Walton is greatly disturbed by the lose of his friend. He describes Victor's passing as, "the untimely extinction of this glorious spirit?" (Shelley 162). He remorses the fact that he had meat such a fine gentleman only at the brink of his death. Such feelings truly display Victor's loneliness. Such an affliction may seem simply ascribed to his current position, stuck out at sea with a crew of strangers, however, his sadness seems to be deeply rooted in a much more internal loneliness. Almost as if even back home, Walton did not have many friends to rely on. The fact that he is sending his letters to his sister and not some close friend or significant other only stresses this even more. Another, point of Walton at the end of the book is the parallelism with his final choices and victors. There comes a point when Victor shamefully and disappointedly admits the end of the voyage, for he does not want to risk the lives around him by his own ambition. Such a statement only reminds one of Victor, and how his own ambitions affected the lives of those around him. He must relinquish his hopes and return to England as a sorrowful failure, but an alive failure.

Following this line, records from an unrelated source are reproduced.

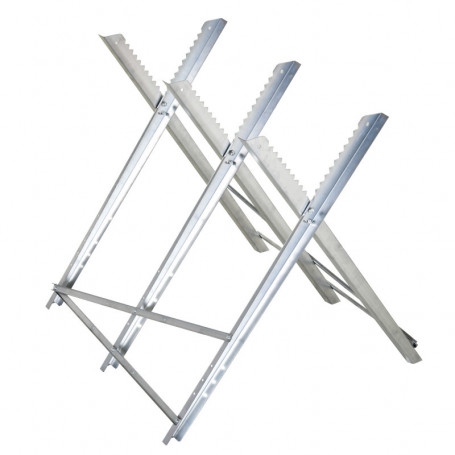 Sågbock Hopfällbar Metall 83 x 83 x 79 cm Silver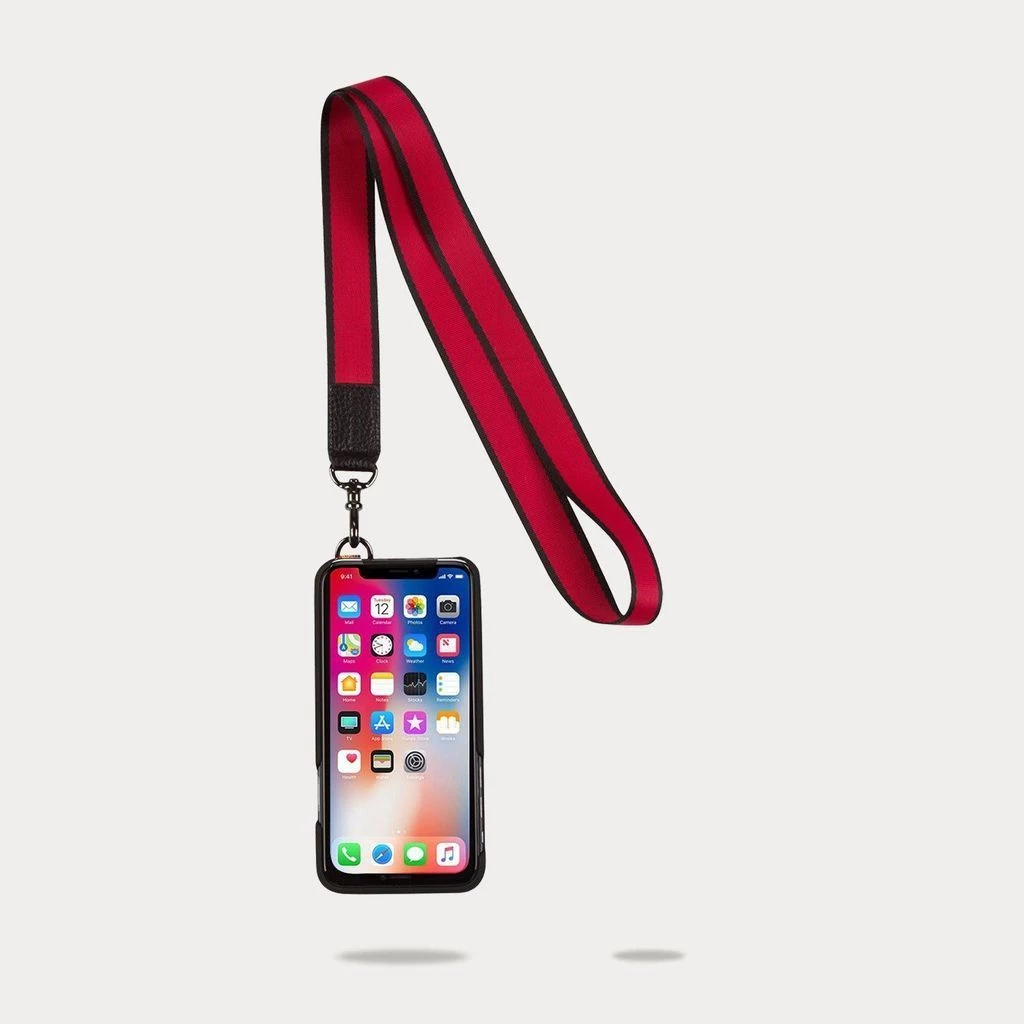 Bandolier Unisex Blended Fabrics Plain Leather IPhone X IPhone XS For Men Orange/pewter X Xs Max 5 Bandolier Unisex Blended Fabrics Plain Leather IPhone X IPhone XS For Men Orange/pewter X Xs Max - Image 5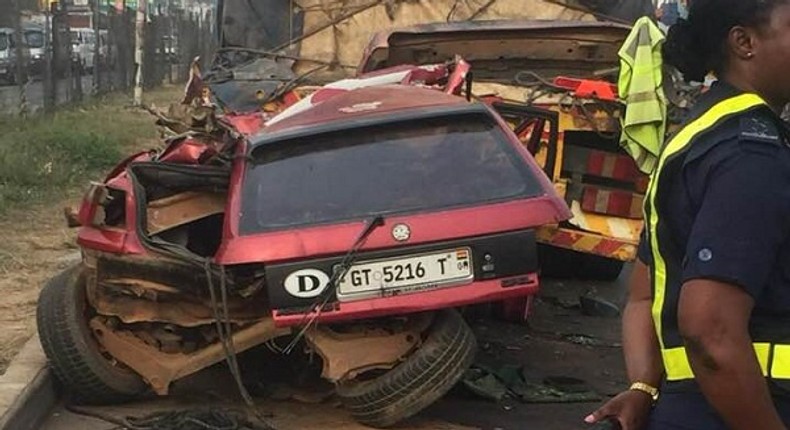 About six people die each day in Ghana due to road traffic accidents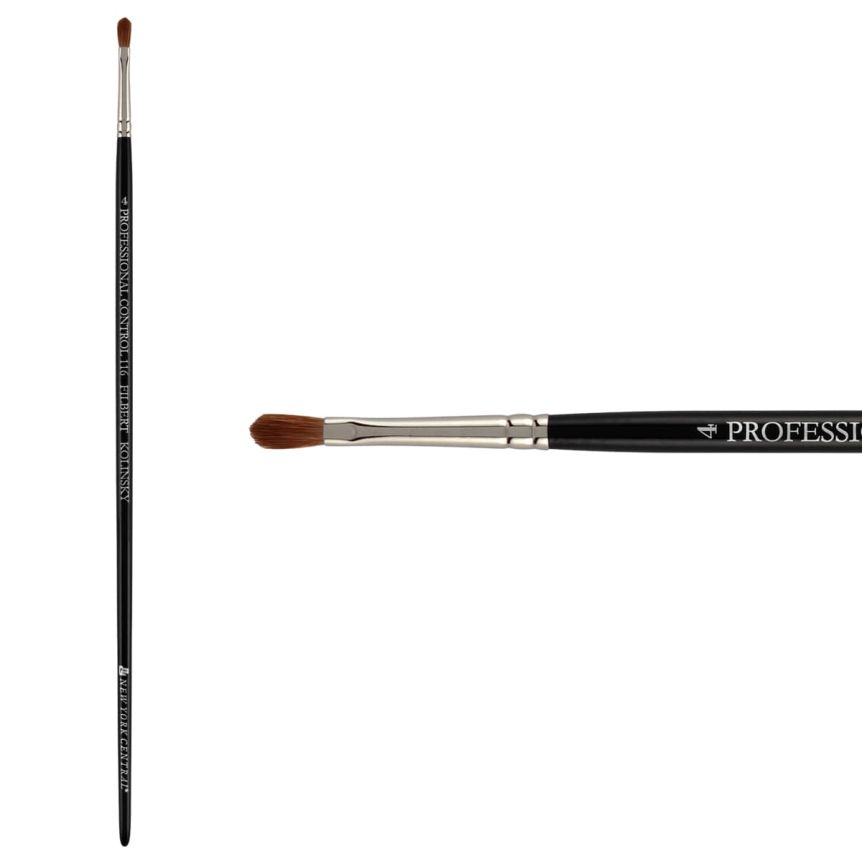 New York Central Pro Control Oil Brush, Series 116 Kolinsky Sable Filbert, size #4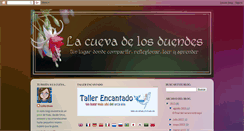 Desktop Screenshot of lacuevadelosduendes.blogspot.com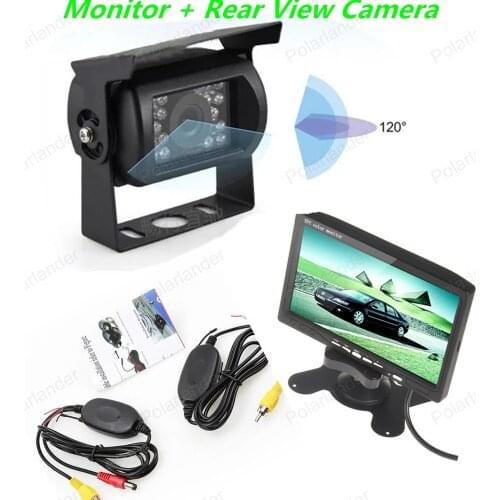 7 Inch TFT Monitor RearView Monitor TFT LCD Color Display Screen Monitor 18LED Car Rear View camera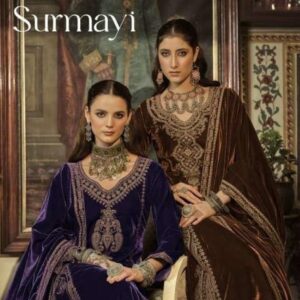 kilory trends surmayi series 01 to 06 velvet designer full stitch plus size suit in wholesale surat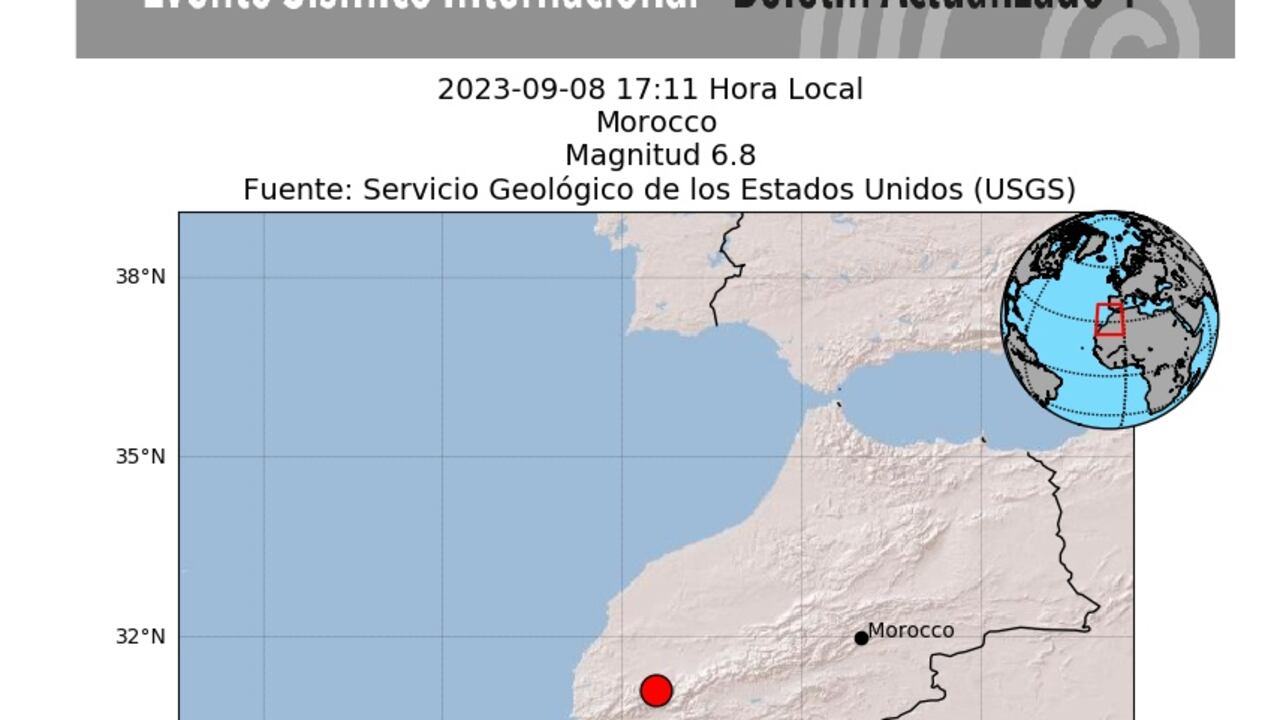 Este sismo tuvo una magnitud de 6,8 y su epicentro fue en la ciudad de Oukaïmedene.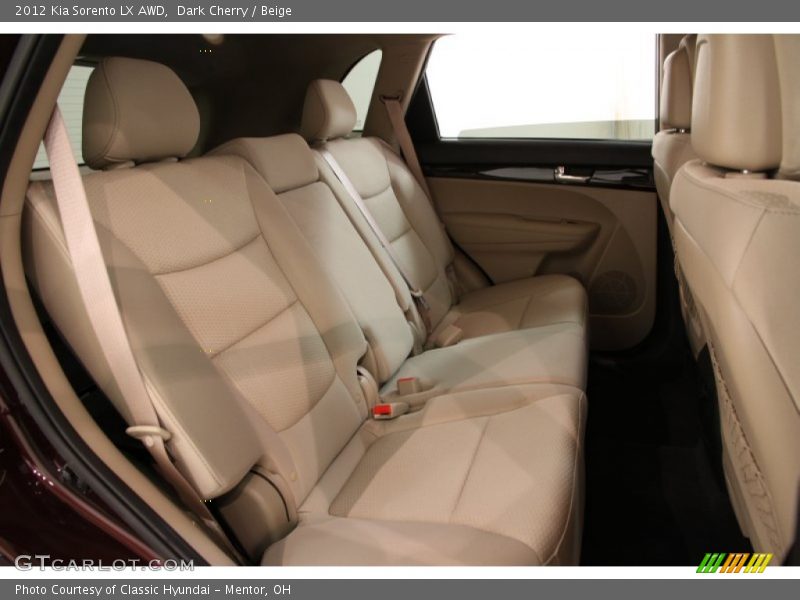 Rear Seat of 2012 Sorento LX AWD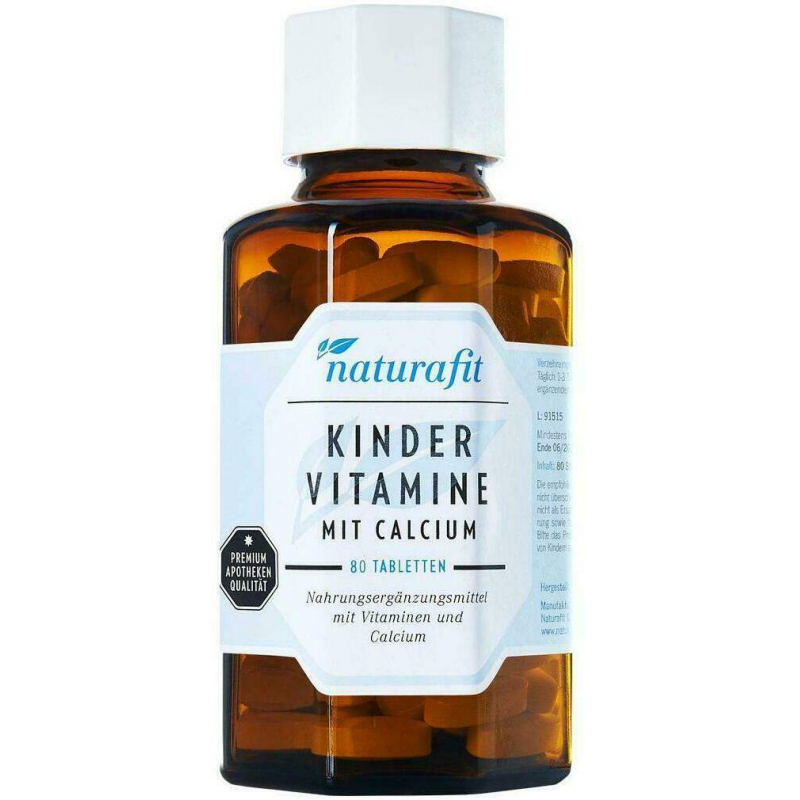 Naturafit Kindervitamine M.Calcium Lutschtabletten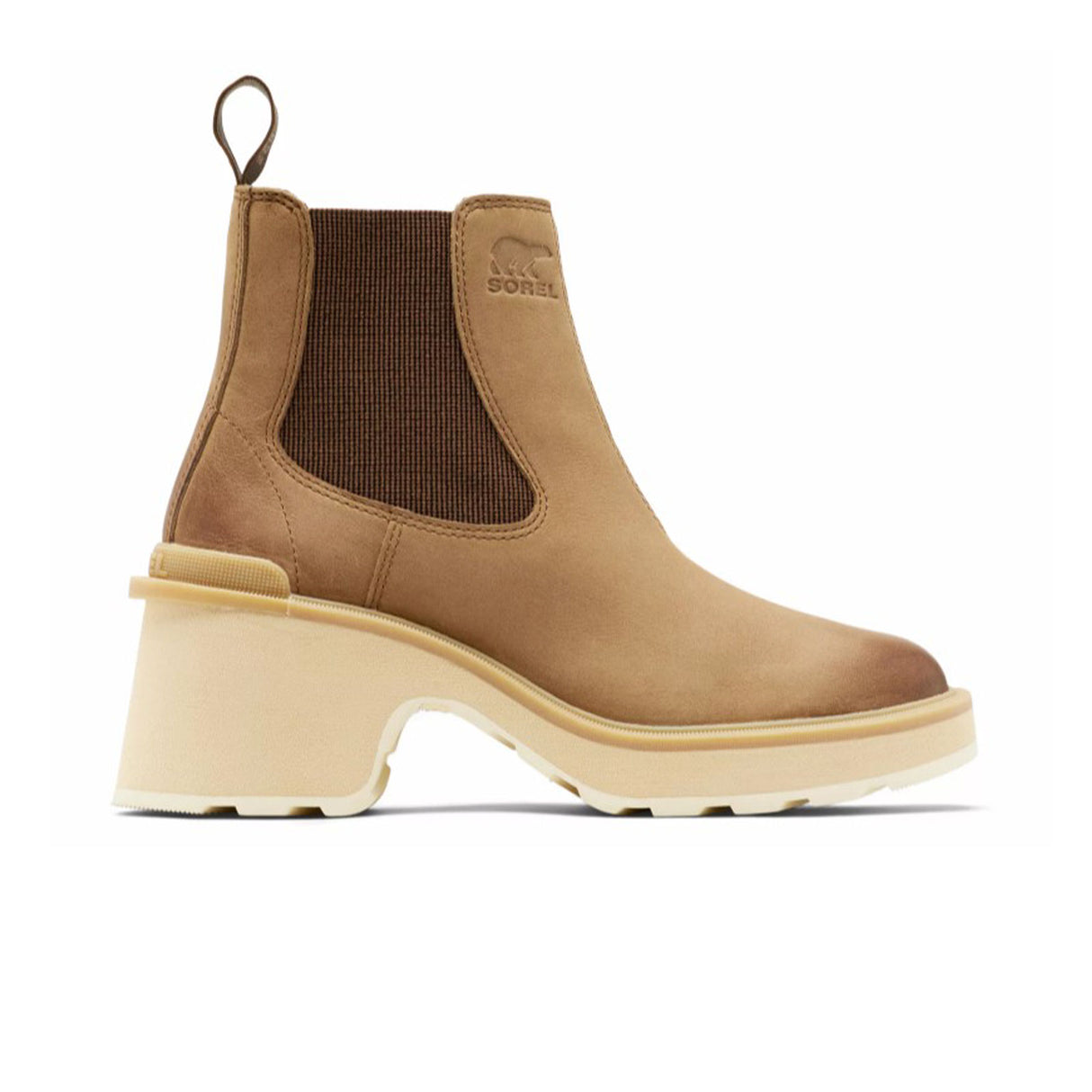 Sorel Hi-Line Heeled Chelsea Boot (Women) - Umber/Ceramic Boots - Fashion - Chelsea - The Heel Shoe Fitters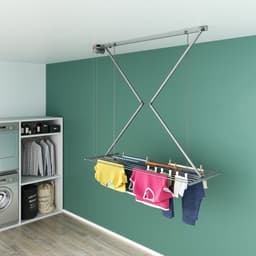 Foxydry Mini 152 cm plafond droogrek - handbediend - 11,5 m drooglengte - grijs — thumbnail 4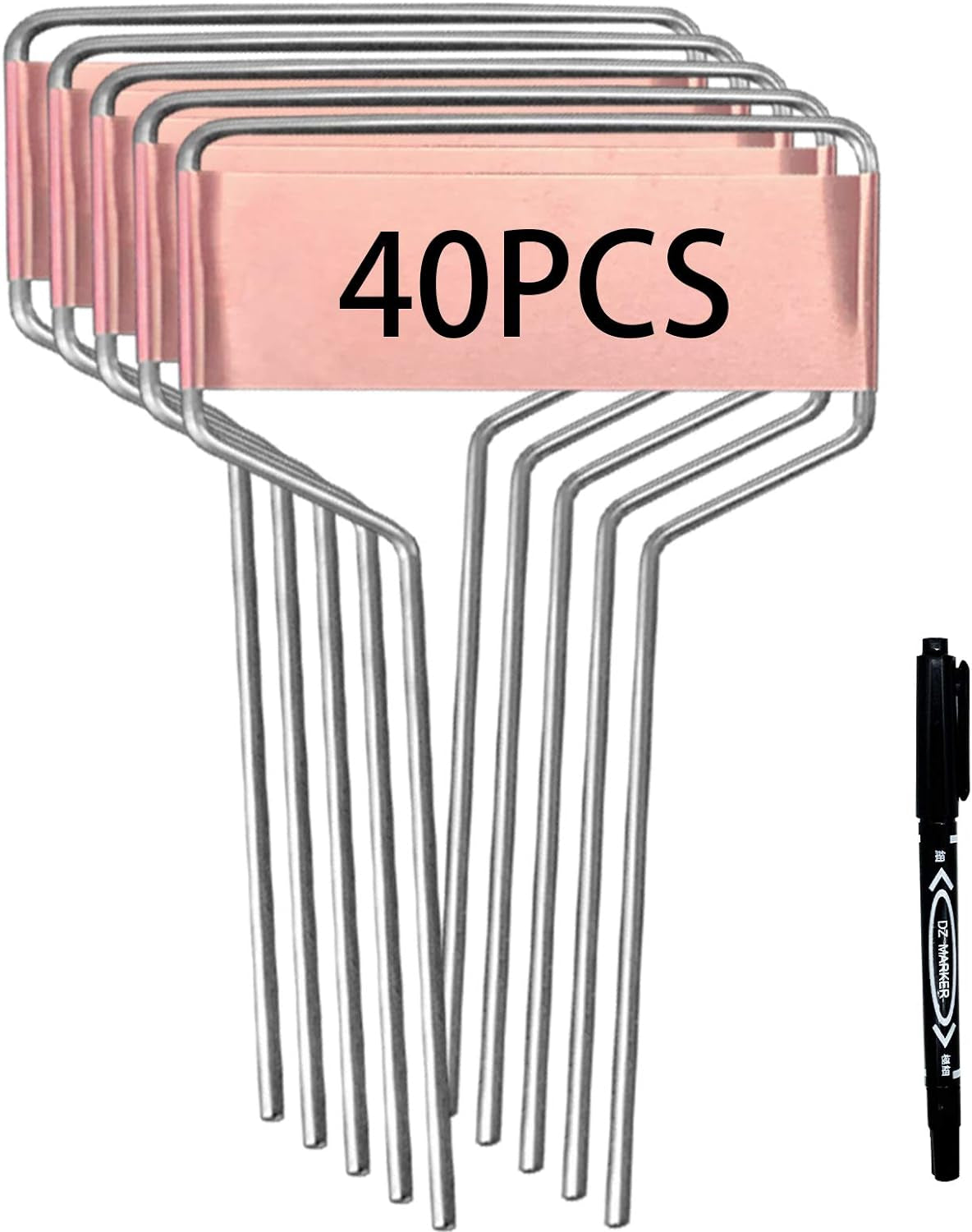 Copper Plant Label Stakes 40PC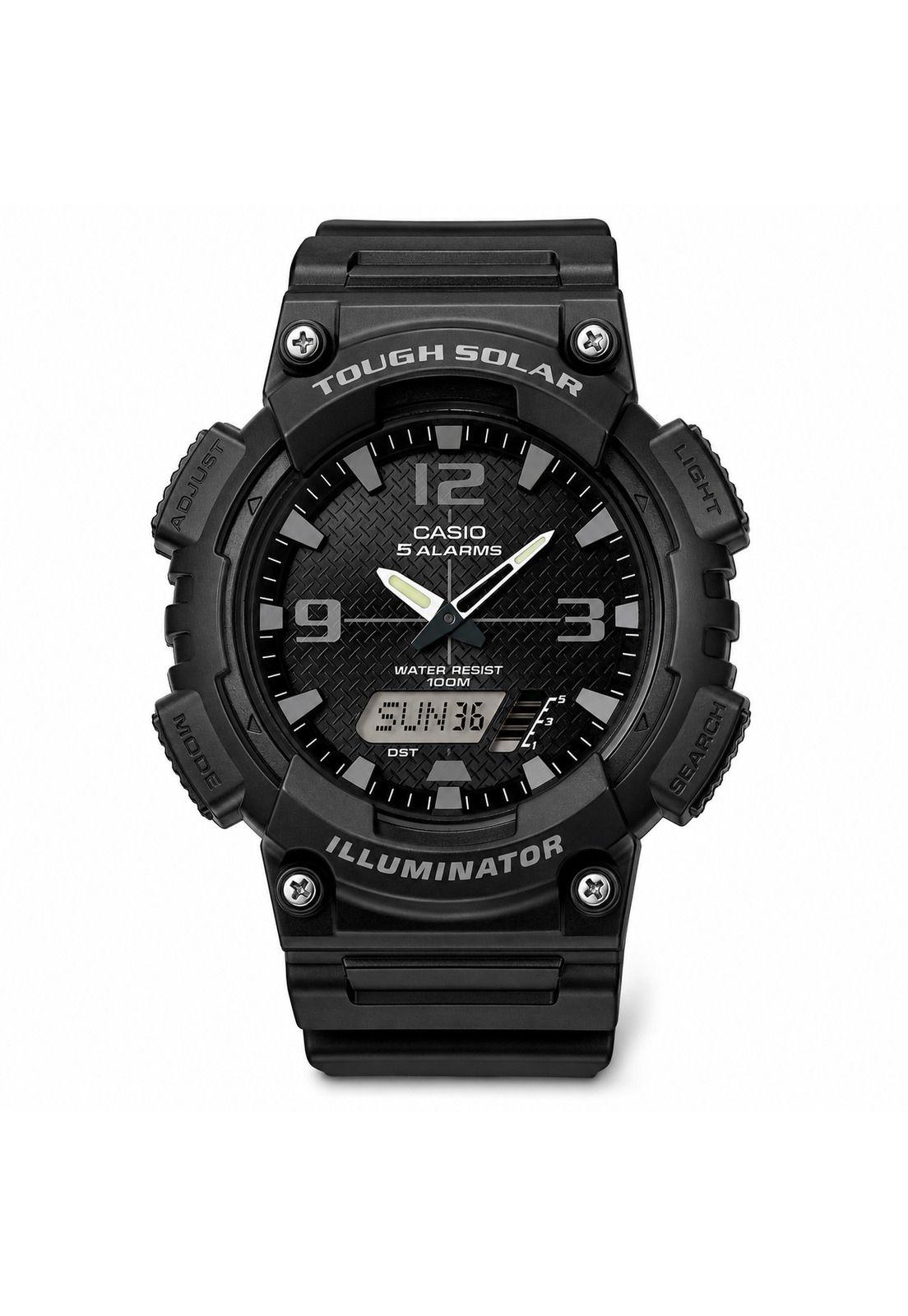 Reloj Casio Solar de Hombre AQ-S810W-1A2VDF Sport Line Black-0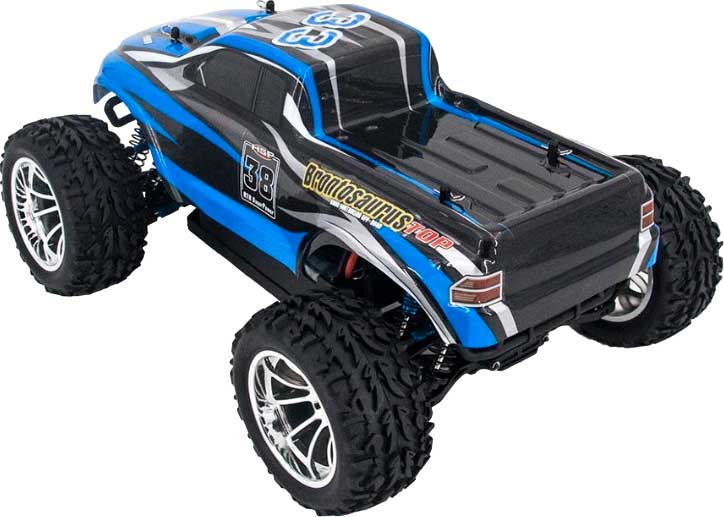 Радиоуправляемая модель HSP Brontosaurus TOP 4WD (1к10) синяя (94111TOP-NC111-BL)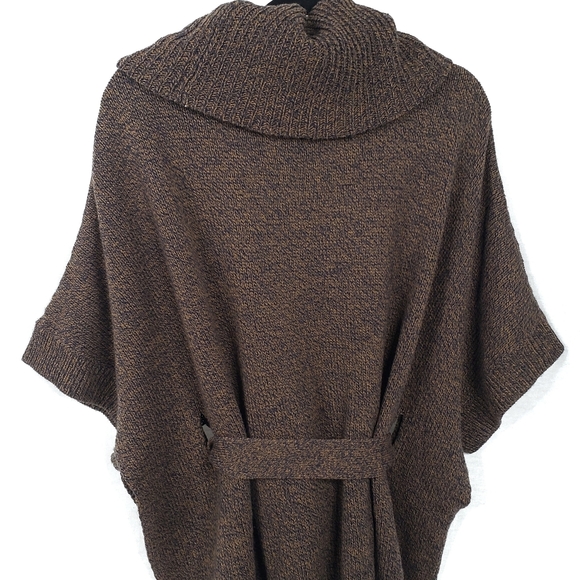 H&M Poncho Style Brown Heathered Sweater (XS) - Picture 6 of 12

Finally, the creature ends this book with a sudden show of sympathy. As Frankenstein's monster speaks to Walton, one receives a brief look back unto before the creature was a heinous demon. During times when his hopes of being received and loved were extinguished by mankind. He states, "Why do you not hate Felix, who drove his friend from the door with contumely?...Why do you not execrate the rustic who sought to destroy the savior of his child?" (Shelley 165). On seeing Victor's cold, dead form he finally relinquishes his hatred for his actions, admitting to being a slave to passion. However, it would only have taken till the total destruction of his enemy that he would come to regret them. In the end, the creature resolves to enter the deepest depths of the arctic where he ends his wretched life. Throughout this story, the lives of Victor and the creature were juxtaposed so similarly, that one could only get a Harry Potter v. Lord Voldemort vibe. In the end, it is only fitting that if one would die, so would the other, in turn, die.